I arrived in Jackson late Friday afternoon to attend the NASW board meeting scheduled for all day Saturday. Having given up on the likelihood that I could carve out a couple of days for Jackson archival research right now, I opted to at least shoot the images I need for the research. I waited until almost 7 to head downtown, hoping it would cool off at least a little and that the traffic had time to abate. Trekking down the hill from where I had to park my car, I looked to my right and exclaimed outloud, “Bailey Junior High! I think that is Bailey Junior High!” Also known as Bailey Middle School and Bailey Magnet School, it is a building I have longed to see, and had no idea I would walk right past it.
Bailey Junior High was a Public Works Administration project, completed in 1937 under Roosevelt’s New Deal Administration.
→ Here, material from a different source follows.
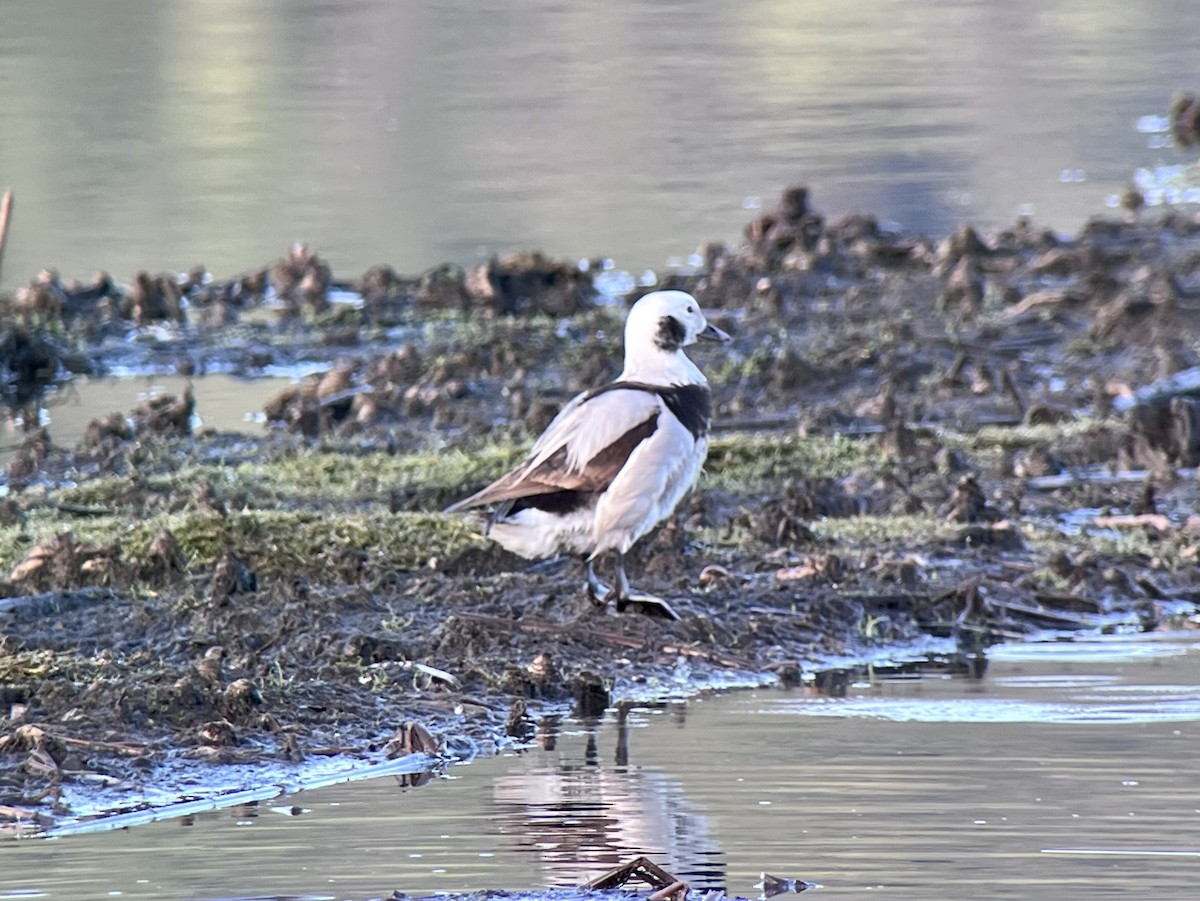 Long-tailed Duck - ML614311719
Begun in 1936, the Art Moderne building was described as
…large L-shaped monolithic poured concrete (David Preziosi, National Register of Historic Places nomination form for Belhaven Historic District).
From the left, gymnasium, which had no openings to the front elevation; stair tower; classroom block; central entrance; classroom block; projecting auditorium. The spectator stands constructed behind the building are visible to the left of the gymnasium in the photograph below.
Architect: N. W. Overstreet & A. H. Town; Contractor: W. J. McGee & Son; Relief sculturer designer: Joseph Barros; Cast stone/bas reliefs: Jackson Stone Company; Plaster/stucco: A. C. Hopton (Mississippi Department of Archives and History, Historic Resources Inventory). If you have not used the awesome MDAH HRI resources, go visit at the link. I have said this before, but of all the states in which I do New Deal research (primarily Tennessee, Texas, Arkansas, and Louisiana in addition to Mississippi), it is the best and most complete, not to mention easiest to use, database for research about buildings.